Un intero capitolo dell’ordinanza è dedicato al funzionario massone, che nel 2011 si è anche candidato alle amministrative di Torino con l’Udc appoggiando la corsa a sindaco di Alberto Musy. Nelle intercettazioni Delli Paoli si profonde anche in dettagli sul proprio ruolo fra i “grembiulini”: “Sono anche fondatore, un minimo di rispetto rispetto al culo che mi sono fatto per fondare questa roba qua… sono un ex maestro venerabile non hai rispetto neanche degli ex maestri venerabili”, dice in una telefonata, mentre in un’altra ostenta sicurezza di fronte all’eventualità di subire ritorsioni dai “calabresi”: “Ma no, ma no… a me non vengono a prendere a casa nessuno, fidati… Io sono all’interno dì una struttura che non non mi viene a prendere nessuno… fidati… stai tranquillo che non mi viene a prendere nessuno”.

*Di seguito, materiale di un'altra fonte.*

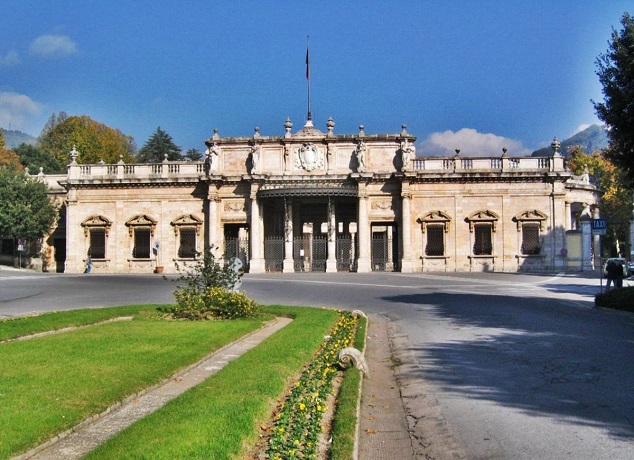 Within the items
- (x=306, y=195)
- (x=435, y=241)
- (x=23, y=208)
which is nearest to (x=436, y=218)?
(x=435, y=241)

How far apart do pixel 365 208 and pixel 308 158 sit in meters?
5.26

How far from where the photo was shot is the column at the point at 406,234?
44.1 meters

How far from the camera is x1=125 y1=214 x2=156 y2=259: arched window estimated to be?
155ft

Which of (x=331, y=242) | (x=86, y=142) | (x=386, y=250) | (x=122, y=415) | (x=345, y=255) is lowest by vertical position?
(x=122, y=415)

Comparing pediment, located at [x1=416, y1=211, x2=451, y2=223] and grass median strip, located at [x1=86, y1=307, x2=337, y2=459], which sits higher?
pediment, located at [x1=416, y1=211, x2=451, y2=223]

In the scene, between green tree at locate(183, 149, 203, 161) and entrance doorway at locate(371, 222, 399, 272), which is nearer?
entrance doorway at locate(371, 222, 399, 272)

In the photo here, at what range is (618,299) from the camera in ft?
60.3

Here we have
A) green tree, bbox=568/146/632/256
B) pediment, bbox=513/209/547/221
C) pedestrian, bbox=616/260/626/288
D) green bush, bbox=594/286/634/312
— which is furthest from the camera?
green tree, bbox=568/146/632/256

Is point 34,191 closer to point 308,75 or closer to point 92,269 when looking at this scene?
point 92,269

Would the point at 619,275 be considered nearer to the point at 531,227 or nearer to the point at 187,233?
the point at 531,227

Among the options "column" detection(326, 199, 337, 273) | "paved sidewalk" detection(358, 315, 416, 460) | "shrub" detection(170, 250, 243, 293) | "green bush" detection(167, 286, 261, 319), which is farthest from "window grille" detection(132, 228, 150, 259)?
"paved sidewalk" detection(358, 315, 416, 460)

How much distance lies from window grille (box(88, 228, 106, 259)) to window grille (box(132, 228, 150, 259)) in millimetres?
2282

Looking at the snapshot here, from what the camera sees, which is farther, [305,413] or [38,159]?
[38,159]

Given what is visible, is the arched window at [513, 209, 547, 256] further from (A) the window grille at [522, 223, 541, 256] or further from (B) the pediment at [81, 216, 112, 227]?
(B) the pediment at [81, 216, 112, 227] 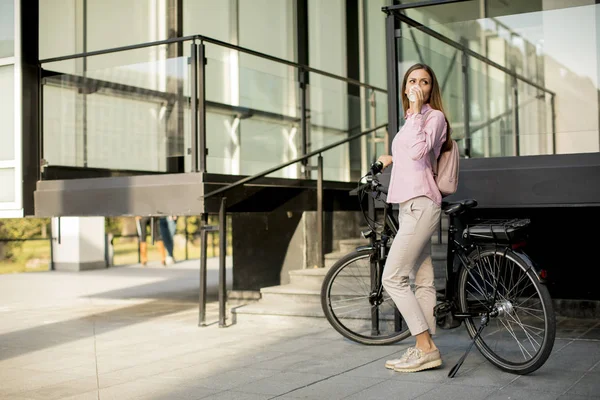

Quello coordinato dai pm della Dda torinese è uno dei filoni investigativi che, insieme ad altri, “hanno condotto a riaffermare l’esistenza nell’area piemontese, e segnatamente nel comune di Carmagnola, del dominio mafioso delle cosche di ndrangheta”, si legge nell’ordinanza. Un rivolo delle operazioni Carminius e Fenice che hanno portato alla condanna per 416 bis, tra gli altri, di Salvatore e Francesco Arone, descritti come i “capi dell’articolazione carmagnolese”. Articolazione che secondo gli inquirenti è “riconducibile alle famiglie Arone-Defina-Serratore e collegata alla cosca Bonavota”, attiva nel Vibonese.